What Makes the Gigabyte X670 Gaming X AX V2 Stand Out

Key Specifications and Features Overview

The X670 Gaming X AX V2 packs the essentials gamers actually need without stuffing in features that never get used. Here’s the rundown:

  • Socket: AM5 (LGA 1718)
  • Chipset: AMD X670 (dual chipset configuration)
  • Memory: 4x DDR5 DIMM slots, up to 128GB at 6400MHz+ (OC)
  • PCIe 5.0 x16: One full-length slot for GPUs
  • M.2 Slots: Four total, two PCIe 5.0, two PCIe 4.0
  • Networking: 2.5GbE Realtek LAN + Wi-Fi 6E (Intel AX210)
  • Audio: Realtek ALC897 codec (7.1 channel)
  • USB: 10x USB-A (3.2 Gen2), 1x USB-C (3.2 Gen2x2)
  • Form Factor: ATX (305mm x 244mm)

It’s a solid foundation for gaming builds. The four M.2 slots give you serious storage expansion without needing to juggle SATA drives, and the dual PCIe 5.0 M.2 slots future-proof your storage upgrades. Wi-Fi 6E is standard here, not an optional add-on, which matters if you’re gaming on wireless.
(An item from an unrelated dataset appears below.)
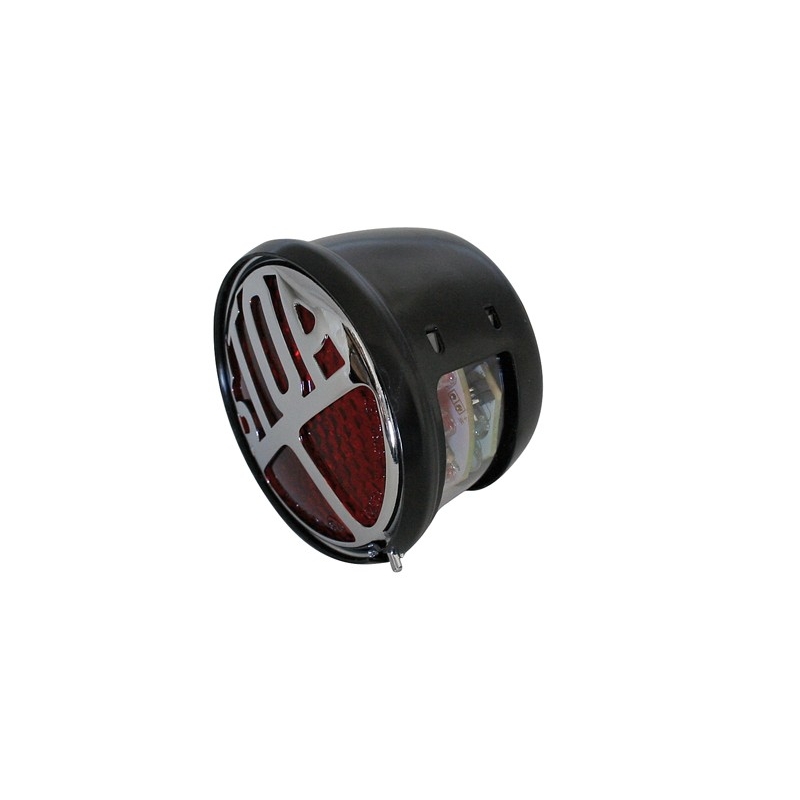 Feu arrière universel à LED Shin-Yo Stop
The VRM setup uses a 16+2+1 phase design with 60A power stages. That’s more than enough headroom for any Ryzen 7000/9000 chip, including the power-hungry 7950X at full tilt. The heatsinks are chunky and actually make contact where they should, Gigabyte learned from the thermal throttling complaints on earlier X670 boards.

V2 Revisions: What’s New Compared to the Original

Gigabyte didn’t shout about the V2 changes from the rooftops, but they’re meaningful if you’re comparing directly to the original Gaming X AX.

Improved VRM cooling: The heatsinks are slightly taller with better fin density. The original board occasionally hit thermal limits under sustained all-core loads with a 7950X. The V2 revision keeps VRM temps 8-12°C cooler under the same workload.

Memory trace optimization: Early X670 boards struggled with DDR5 stability above 6000MHz, especially with four DIMMs populated. The V2 layout tweaks the trace routing and adjusts memory training algorithms in the BIOS. You can now reliably hit 6400MHz CL32 with most quality kits, and pushing to 6600MHz is achievable with tweaking.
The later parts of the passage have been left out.